Table 1: ICER/QALY and incremental QALYs gained from the economic evaluation
|
Initial submission base case |
Nov 2013 PBAC respecified base case |
Resubmission |
Pre-PBAC response* |
---|---|---|---|---|
ICER |
(REDACTED) |
(REDACTED) |
(REDACTED) |
(REDACTED) |
Inc. QALY |
(REDACTED) |
(REDACTED) |
(REDACTED) |
(REDACTED) |
* (REDACTED)
6.11 The PBAC did not accept the ICERs of either the resubmission or the pre-PBAC response because the Committee rejected both of the modelling approaches used to estimate the incremental QALYs gained. The PBAC noted that, consistent with its previous recommendation (which accepted the structure of the economic model, but assumed a median duration of follow-up of approximately 55 months, and used a log-logistic extrapolation in the economic model), the revised (REDACTED)% rebate would result in a revised ICER per QALY in the range of $75,000 to $105,000/QALY, which the PBAC considered was unacceptably high. The PBAC therefore reiterated its previous recommendation in relation to the appropriate base case of the economic model and the consequence for the pricing of bevacizumab for the proposed restriction.

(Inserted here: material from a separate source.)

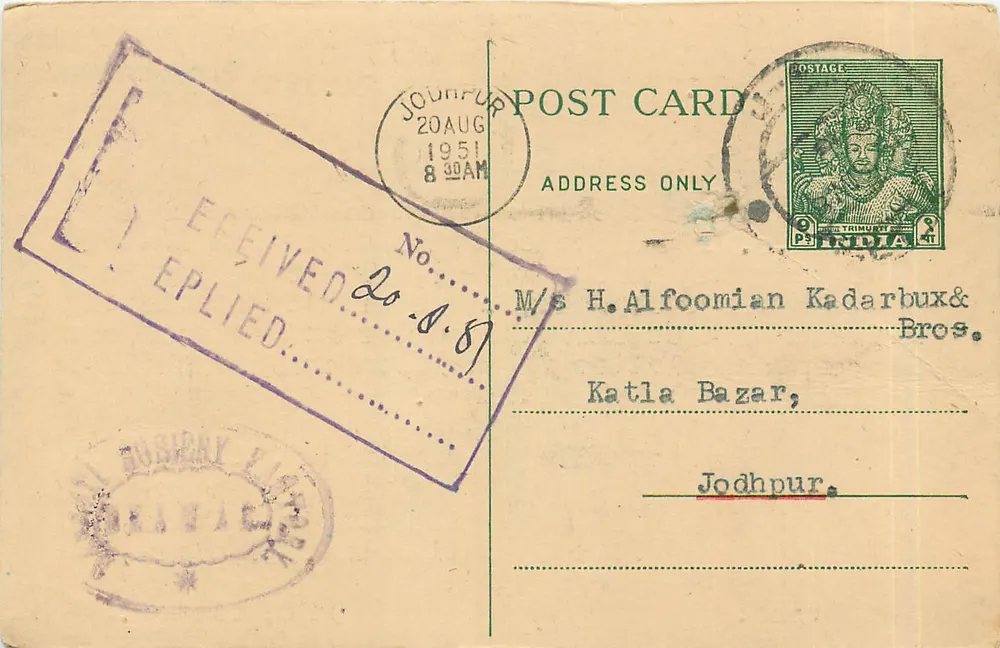 Jodhpur — carta postal recebida em Beawar — editor desconhecido, número de série não visível - Frente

6.12 The PBAC also noted that the resubmission’s approach to estimating survival gain is sensitive to the method of extrapolation used in the model. This creates an additional source of uncertainty as up to 70% of the life-year gains are now occurring in the extrapolation period.

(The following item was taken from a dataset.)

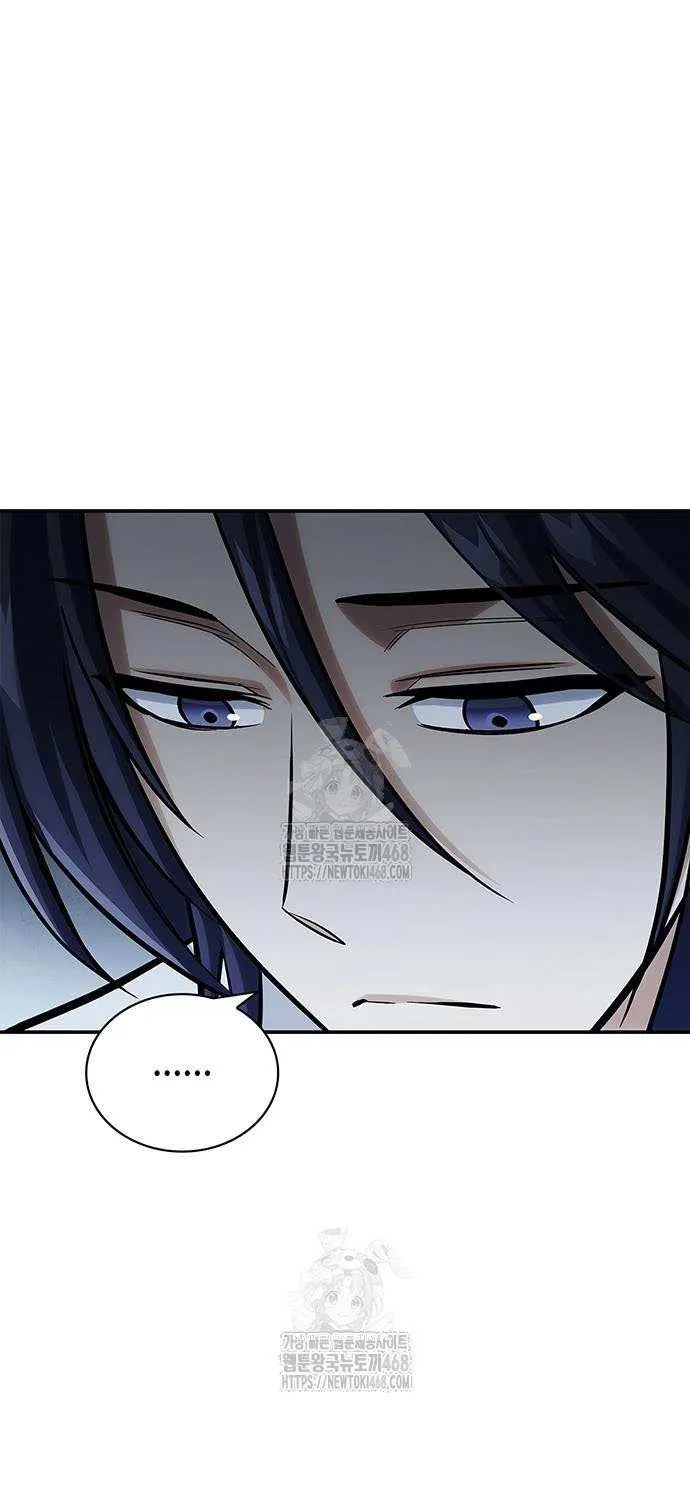 Heavenly Grand Archive’s Young Master Chapter 143 page 74 -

Estimated PBS usage & financial implications
6.13 The PBAC noted that the risk-sharing arrangement proposed in the resubmission did not make direct provision for use of bevacizumab beyond 18 cycles by patients who would be eligible for the requested listing. (REDACTED).
6.14 (REDACTED)
6.15 The PBAC noted these rationales and that it was difficult to compare the revised proposal with the PBAC’s previous recommendation because: (a) the estimates in the previous submission were based on different dose and number of cycle assumptions; and (b) (REDACTED) a different rebate. The PBAC did not support this proposed risk-sharing arrangement, concluding that, compared with its previous recommendation, it has the effect of shifting more of the identified risk from the sponsor to the government.
7 PBAC Outcome
7.1 The PBAC rejected the resubmission because it did not accept the re-modelling proposed by the applicant and therefore did not accept that the reduced rebate was justified in terms of cost-effectiveness. Accordingly, the PBAC rejected the ICERs generated by these modelling approaches. Applying the revised rebate into the previously accepted model resulted in a revised ICER per QALY in the range of $75,000 to $105,000, which the PBAC considered was unacceptably high. The PBAC therefore reiterated its November 2013 recommendation in relation to the appropriate base case of the economic model and the consequence for the pricing of bevacizumab for the proposed restriction.
Outcome:
Rejected
8 Recommended listing
8.1 No change to the November 2013 PBAC recommendation.
Context for Decision
The PBAC helps decide whether and, if so, how medicines should be subsidised in Australia. It considers submissions in this context. A PBAC decision not to recommend listing or not to recommend changing a listing does not represent a final PBAC view about the merits of the medicine. A company can resubmit to the PBAC or seek independent review of the PBAC decision.
Sponsor’s Comment
Roche is committed to working with the PBAC to achieve a PBS listing for patients with high-risk advanced ovarian cancer at the earliest opportunity.